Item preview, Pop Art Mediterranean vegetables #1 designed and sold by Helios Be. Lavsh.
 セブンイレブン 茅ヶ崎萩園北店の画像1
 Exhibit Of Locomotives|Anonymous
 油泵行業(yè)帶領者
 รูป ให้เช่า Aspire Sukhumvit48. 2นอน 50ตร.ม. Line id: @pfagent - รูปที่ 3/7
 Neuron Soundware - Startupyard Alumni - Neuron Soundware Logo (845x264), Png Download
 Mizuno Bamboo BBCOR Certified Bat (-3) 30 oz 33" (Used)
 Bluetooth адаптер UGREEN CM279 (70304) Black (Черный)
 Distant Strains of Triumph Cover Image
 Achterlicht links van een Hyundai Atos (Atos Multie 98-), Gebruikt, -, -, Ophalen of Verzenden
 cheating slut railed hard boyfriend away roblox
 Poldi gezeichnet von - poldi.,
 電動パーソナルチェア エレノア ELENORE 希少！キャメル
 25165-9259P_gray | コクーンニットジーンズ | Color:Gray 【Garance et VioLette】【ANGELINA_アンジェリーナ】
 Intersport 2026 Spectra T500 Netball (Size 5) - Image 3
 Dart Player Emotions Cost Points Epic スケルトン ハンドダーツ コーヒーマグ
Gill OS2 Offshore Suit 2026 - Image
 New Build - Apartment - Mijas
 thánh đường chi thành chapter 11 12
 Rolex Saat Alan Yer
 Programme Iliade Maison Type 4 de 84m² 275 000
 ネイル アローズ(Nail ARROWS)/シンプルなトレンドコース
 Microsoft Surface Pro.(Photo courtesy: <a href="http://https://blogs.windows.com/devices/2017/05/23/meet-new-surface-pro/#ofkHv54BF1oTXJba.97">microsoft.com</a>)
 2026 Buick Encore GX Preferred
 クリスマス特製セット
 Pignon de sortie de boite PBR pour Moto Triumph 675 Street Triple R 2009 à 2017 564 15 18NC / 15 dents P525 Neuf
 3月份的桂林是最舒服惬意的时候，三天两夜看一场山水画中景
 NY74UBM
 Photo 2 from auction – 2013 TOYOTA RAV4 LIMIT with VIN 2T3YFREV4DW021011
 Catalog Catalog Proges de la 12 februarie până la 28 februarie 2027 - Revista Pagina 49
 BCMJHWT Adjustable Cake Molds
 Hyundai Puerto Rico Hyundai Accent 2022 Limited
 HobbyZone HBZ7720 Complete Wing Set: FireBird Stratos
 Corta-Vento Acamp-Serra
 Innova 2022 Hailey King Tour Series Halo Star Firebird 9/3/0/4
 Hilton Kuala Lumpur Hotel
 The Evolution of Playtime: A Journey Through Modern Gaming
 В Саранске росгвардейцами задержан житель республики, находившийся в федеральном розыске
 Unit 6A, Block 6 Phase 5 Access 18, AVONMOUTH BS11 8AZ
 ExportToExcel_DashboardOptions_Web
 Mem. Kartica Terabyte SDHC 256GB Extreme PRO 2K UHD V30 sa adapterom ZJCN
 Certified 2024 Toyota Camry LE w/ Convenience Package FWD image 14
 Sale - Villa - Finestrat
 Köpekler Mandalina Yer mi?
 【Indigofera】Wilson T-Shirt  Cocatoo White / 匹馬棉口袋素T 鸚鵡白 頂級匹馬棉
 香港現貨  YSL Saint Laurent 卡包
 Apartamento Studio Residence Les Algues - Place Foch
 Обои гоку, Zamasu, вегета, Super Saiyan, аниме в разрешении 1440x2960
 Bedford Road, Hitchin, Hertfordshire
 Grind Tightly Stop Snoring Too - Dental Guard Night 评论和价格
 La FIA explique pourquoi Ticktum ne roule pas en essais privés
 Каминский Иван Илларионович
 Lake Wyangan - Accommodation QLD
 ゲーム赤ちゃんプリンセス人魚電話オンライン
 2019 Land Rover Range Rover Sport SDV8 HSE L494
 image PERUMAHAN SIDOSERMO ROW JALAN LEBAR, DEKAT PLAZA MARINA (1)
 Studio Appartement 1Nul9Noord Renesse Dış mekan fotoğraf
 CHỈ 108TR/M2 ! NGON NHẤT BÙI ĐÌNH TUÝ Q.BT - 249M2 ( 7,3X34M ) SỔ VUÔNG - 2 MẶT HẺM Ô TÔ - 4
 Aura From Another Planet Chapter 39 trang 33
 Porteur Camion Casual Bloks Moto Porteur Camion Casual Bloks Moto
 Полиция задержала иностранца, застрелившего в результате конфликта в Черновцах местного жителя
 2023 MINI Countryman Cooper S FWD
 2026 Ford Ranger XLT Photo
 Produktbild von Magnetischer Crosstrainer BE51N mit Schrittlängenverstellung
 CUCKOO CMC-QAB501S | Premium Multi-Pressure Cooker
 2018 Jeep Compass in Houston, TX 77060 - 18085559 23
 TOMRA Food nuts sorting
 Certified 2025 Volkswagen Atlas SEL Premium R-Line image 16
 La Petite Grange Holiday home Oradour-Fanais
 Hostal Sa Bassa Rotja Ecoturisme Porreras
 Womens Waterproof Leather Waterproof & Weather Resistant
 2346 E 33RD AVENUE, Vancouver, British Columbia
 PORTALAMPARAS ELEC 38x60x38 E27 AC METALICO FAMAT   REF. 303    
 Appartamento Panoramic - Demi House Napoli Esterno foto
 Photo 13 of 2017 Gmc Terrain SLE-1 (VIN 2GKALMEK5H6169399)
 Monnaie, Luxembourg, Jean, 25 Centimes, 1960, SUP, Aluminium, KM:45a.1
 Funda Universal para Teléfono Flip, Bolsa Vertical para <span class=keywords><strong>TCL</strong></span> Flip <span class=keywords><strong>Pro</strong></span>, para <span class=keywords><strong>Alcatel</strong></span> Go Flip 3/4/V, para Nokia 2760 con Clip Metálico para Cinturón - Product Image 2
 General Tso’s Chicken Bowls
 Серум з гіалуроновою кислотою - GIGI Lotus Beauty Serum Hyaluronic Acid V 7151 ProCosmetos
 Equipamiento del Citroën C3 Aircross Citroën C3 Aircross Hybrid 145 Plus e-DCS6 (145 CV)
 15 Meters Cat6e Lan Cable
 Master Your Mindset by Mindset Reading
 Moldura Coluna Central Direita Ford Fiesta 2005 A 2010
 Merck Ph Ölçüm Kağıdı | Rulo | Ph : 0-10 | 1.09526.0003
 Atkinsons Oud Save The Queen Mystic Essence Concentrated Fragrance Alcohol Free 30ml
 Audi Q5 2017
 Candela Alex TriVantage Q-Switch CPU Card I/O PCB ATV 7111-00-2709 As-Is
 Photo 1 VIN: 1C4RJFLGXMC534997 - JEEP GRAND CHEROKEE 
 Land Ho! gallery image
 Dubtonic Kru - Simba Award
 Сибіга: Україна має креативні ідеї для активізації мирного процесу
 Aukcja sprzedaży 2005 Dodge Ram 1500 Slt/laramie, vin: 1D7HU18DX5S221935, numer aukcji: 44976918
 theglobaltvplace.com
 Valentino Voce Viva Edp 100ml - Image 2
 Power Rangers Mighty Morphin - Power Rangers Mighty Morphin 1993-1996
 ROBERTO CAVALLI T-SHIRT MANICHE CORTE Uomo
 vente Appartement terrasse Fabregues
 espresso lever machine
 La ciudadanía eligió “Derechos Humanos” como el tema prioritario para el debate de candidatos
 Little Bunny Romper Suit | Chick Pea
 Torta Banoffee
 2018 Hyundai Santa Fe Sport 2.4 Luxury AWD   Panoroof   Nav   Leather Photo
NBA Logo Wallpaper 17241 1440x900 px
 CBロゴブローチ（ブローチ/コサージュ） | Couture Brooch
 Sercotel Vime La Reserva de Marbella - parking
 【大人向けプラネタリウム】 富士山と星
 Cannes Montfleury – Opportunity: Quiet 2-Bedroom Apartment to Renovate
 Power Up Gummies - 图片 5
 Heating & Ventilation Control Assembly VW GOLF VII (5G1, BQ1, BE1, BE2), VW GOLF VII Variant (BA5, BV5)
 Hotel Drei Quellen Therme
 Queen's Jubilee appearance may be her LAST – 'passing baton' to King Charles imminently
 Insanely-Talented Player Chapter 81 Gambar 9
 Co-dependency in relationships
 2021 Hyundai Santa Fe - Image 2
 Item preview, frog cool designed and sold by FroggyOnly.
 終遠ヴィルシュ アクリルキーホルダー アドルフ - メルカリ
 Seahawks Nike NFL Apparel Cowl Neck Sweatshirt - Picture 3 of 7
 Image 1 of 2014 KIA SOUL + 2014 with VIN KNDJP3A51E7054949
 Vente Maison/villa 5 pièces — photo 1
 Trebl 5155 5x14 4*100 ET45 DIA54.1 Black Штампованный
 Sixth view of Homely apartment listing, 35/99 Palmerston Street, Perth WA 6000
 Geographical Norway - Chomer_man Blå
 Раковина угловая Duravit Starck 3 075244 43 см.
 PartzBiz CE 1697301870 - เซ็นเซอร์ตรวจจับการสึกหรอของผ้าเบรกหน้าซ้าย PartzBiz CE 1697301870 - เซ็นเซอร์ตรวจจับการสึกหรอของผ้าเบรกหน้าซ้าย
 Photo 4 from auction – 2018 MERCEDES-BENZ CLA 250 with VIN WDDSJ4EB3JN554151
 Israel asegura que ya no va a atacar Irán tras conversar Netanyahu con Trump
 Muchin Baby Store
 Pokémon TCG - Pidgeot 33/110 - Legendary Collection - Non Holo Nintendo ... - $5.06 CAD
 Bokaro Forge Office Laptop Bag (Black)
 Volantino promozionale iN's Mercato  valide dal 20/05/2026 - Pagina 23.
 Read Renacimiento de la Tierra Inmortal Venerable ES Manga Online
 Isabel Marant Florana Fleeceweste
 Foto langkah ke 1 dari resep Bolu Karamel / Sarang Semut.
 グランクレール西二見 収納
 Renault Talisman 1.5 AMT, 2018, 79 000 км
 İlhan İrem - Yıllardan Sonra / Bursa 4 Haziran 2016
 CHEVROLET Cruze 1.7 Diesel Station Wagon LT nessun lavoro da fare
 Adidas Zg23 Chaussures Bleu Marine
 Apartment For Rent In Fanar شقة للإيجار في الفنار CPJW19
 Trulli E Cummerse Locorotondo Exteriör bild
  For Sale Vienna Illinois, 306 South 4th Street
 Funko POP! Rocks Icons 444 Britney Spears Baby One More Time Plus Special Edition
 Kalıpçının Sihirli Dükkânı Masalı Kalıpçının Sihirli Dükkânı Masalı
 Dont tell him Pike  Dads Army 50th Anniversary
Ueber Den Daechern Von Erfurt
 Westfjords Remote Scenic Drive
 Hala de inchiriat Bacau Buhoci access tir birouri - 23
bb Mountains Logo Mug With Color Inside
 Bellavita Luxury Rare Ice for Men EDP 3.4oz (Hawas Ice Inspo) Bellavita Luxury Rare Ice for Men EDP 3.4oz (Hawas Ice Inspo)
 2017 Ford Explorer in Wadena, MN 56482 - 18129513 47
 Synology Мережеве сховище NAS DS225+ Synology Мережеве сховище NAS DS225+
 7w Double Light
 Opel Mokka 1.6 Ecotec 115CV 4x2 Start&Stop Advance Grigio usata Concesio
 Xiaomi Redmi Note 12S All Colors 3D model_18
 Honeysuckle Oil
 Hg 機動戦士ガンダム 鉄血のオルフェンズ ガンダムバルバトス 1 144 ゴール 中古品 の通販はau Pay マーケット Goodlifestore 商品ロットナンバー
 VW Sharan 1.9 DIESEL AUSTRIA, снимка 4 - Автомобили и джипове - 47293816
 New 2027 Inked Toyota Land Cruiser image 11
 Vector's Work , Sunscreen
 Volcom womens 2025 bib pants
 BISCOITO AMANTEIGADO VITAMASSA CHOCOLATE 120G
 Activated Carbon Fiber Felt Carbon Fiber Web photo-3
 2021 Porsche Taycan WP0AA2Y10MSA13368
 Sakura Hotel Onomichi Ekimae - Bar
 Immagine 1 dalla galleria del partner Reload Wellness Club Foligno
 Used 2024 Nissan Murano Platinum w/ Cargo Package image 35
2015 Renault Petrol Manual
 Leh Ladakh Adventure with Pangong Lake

:::

*Problem to work on*.
In the entries above, find the line holding "2017 Ford Explorer" and the line holding "VW Sharan 1.9"; print both of them and every line between, exactly, and nothing else.

*Answer box*.
 2017 Ford Explorer in Wadena, MN 56482 - 18129513 47
 Synology Мережеве сховище NAS DS225+ Synology Мережеве сховище NAS DS225+
 7w Double Light
 Opel Mokka 1.6 Ecotec 115CV 4x2 Start&Stop Advance Grigio usata Concesio
 Xiaomi Redmi Note 12S All Colors 3D model_18
 Honeysuckle Oil
 Hg 機動戦士ガンダム 鉄血のオルフェンズ ガンダムバルバトス 1 144 ゴール 中古品 の通販はau Pay マーケット Goodlifestore 商品ロットナンバー
 VW Sharan 1.9 DIESEL AUSTRIA, снимка 4 - Автомобили и джипове - 47293816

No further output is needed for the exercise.